In Payless Holdings Inc., LLC, Re (“Payless”), an application for the approval of certain debtor-in-possession (“DIP”) financing arrangements between, among others, a US parent in Chapter 11 and its Canadian subsidiary, was rejected on the basis that the arrangements did not provide sufficient protection for all Canadian creditor parties that stood to be affected.
Payless Holdings LLC (the “Applicant”), a US entity, had filed for relief pursuant to Chapter 11 of the U.S. Bankruptcy Code. As a condition for certain DIP financing arrangements which had been conditionally approved in the US proceedings, certain Canadian subsidiaries of the Applicant (the “Canadian Entities”) were required to grant a charge to the Applicant’s lenders as well as provide guarantees. These arrangements would have made the Canadian Entities liable for the Applicant’s borrowing prior to filing under Chapter 11, as well as for the DIP financing arrangements. The Canadian Entities were not borrowers nor guarantors under the pre Chapter 11 financing.
The Applicant applied in Canada for orders pursuant to sections 46 through 49 of the Companies Creditors Arrangement Act (“CCAA”) seeking, among other things, approval for the Canadian Entities to enter into the guarantees and charging agreements (the “DIP Order”). Under the proposal, the majority of the Canadian Entities’ creditors had protection by way of a Critical Vendors’ Charge, an Unsecured Creditors’ Charge and a Prepetition Wages and Benefits Order. However, a group of landlord’s having multiple locations (the “Landlord Group”) were not similarly protected. Further, the DIP agreement specifically provided that the DIP Agents, DIP Lenders and other pre-petition lenders would not be subject to the equitable doctrine of “marshalling” or any other similar doctrine that might provide the Landlord Group with a degree of comfort in the proposal.
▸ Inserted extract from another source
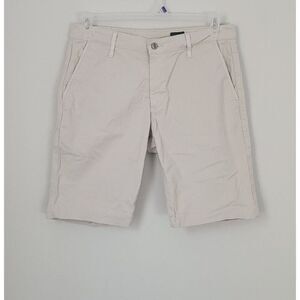 AG The Graduate Trouser Tailored Leg Khaki Shorts Size 32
As such, the Landlord Group opposed the application, arguing that the DIP Order was detrimental to the position of the Landlord Group and should not be granted.
The Applicant stressed that approval of the DIP Order was in the best interests of the entire corporate organization and its many stakeholders, and maintained that the Applicant would be unable to finance its operations without immediate access to the DIP financing, which would have a disastrous effect on the Canadian Entities given their heavy reliance on the Applicant. The Applicant presented two cases, Hartford Computer Hardware Inc., Re (2012 ONSC 964) (“Hartford”) and InterTAN Canada Ltd. Re, (2008 CarswellOnt 8040 (Ont. S.C.J.[Commercial List]) (“InterTAN”) as precedents for court approval in similar circumstances.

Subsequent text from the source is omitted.